For the millions of cancer patients who relapse after treatment, the culprit is increasingly traced not to the bulk tumor but to a resilient subpopulation of cells that behave like stem cells — capable of self-renewal, differentiation, and evasion of conventional therapies. Understanding what keeps these cells alive is now considered one of oncology's most urgent puzzles, with direct implications for reducing recurrence rates and improving long-term survival.
This review published in Acta Pharmacologica Sinica systematically maps the molecular machinery that sustains cancer stem cell (CSC) identity. Key signaling networks examined include Wnt/β-catenin, Notch, and Hedgehog pathways, which collectively regulate self-renewal and pluripotency in CSC populations across multiple tumor types. The analysis also addresses epigenetic regulators — including DNA methylation patterns and histone modification enzymes — as well as the tumor microenvironment's role in maintaining stemness through hypoxia-driven and metabolic cues. Critically, the review connects these mechanistic findings to therapeutic strategies currently in development or early clinical investigation, including pathway-specific inhibitors and combination approaches designed to eliminate CSC reservoirs rather than merely shrink tumor bulk.
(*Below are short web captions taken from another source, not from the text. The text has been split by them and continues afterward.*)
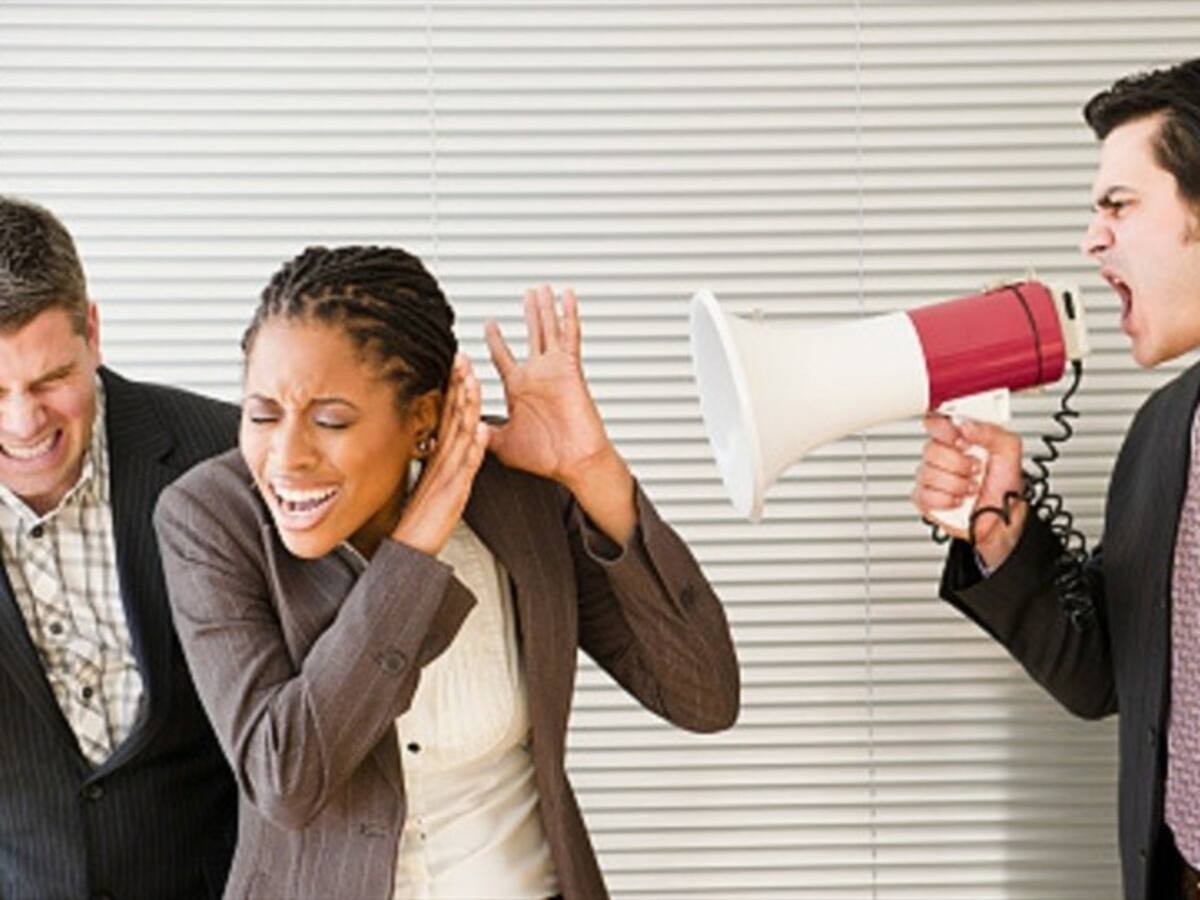 Según la ciencia, tener un jefe tóxico es tan dañino para la salud como el cigarro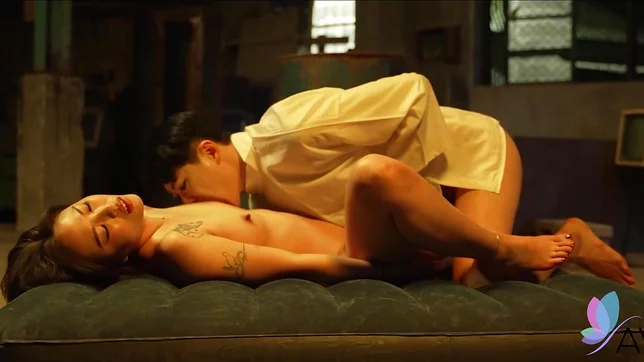 Bad Bad Chinese Girl 18+ Enjoys Hot Sexual Fun with Boyfriend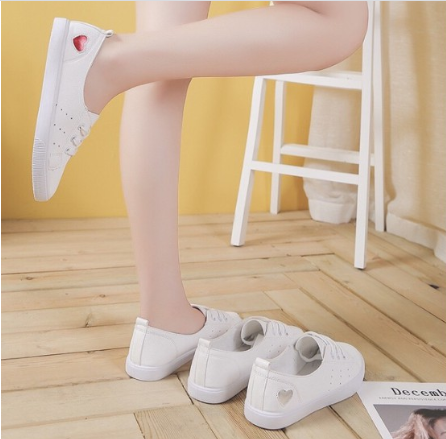 Giày thể thao nữ trái tim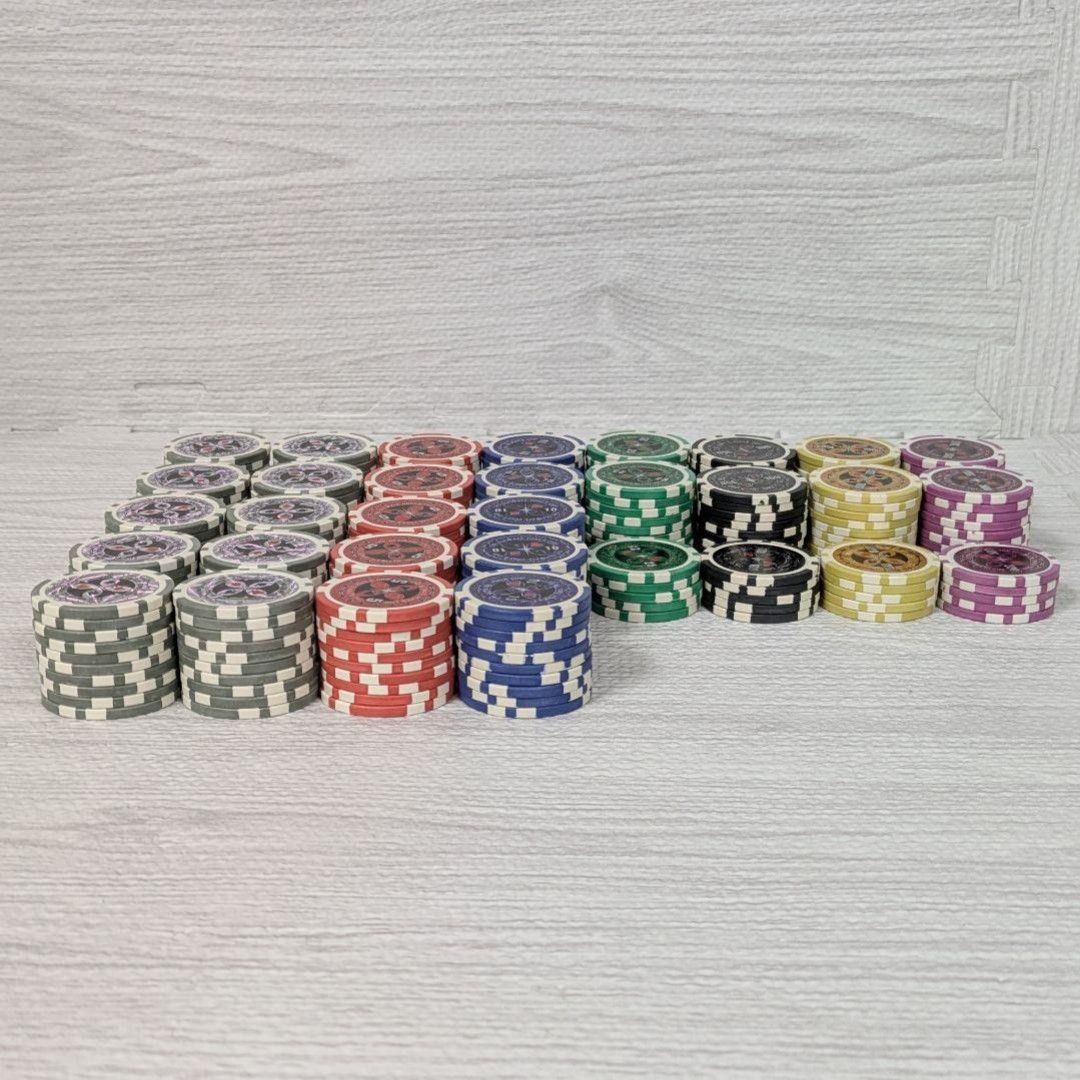 ULTIMATE POKER 300ピース アルティメットポーカーチップセット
The relevance of this synthesis extends well beyond academic oncology. CSCs are now widely implicated in chemotherapy resistance, metastatic seeding, and post-remission relapse — making them a central target in precision oncology. While the review is comprehensive in scope, the clinical translation of CSC-targeted therapies remains an ongoing challenge: many pathway inhibitors effective in preclinical models have shown limited single-agent efficacy in trials, often due to pathway redundancy and the adaptive plasticity of cancer cells. The conceptual value here is confirmatory and consolidating rather than paradigm-shifting, but it provides a well-organized framework for researchers and clinicians to evaluate where therapeutic leverage is most realistic. For health-conscious adults tracking cancer science, the takeaway is that eliminating treatment-resistant cancer reservoirs — not just tumor mass — is the frontier that may ultimately move survival statistics.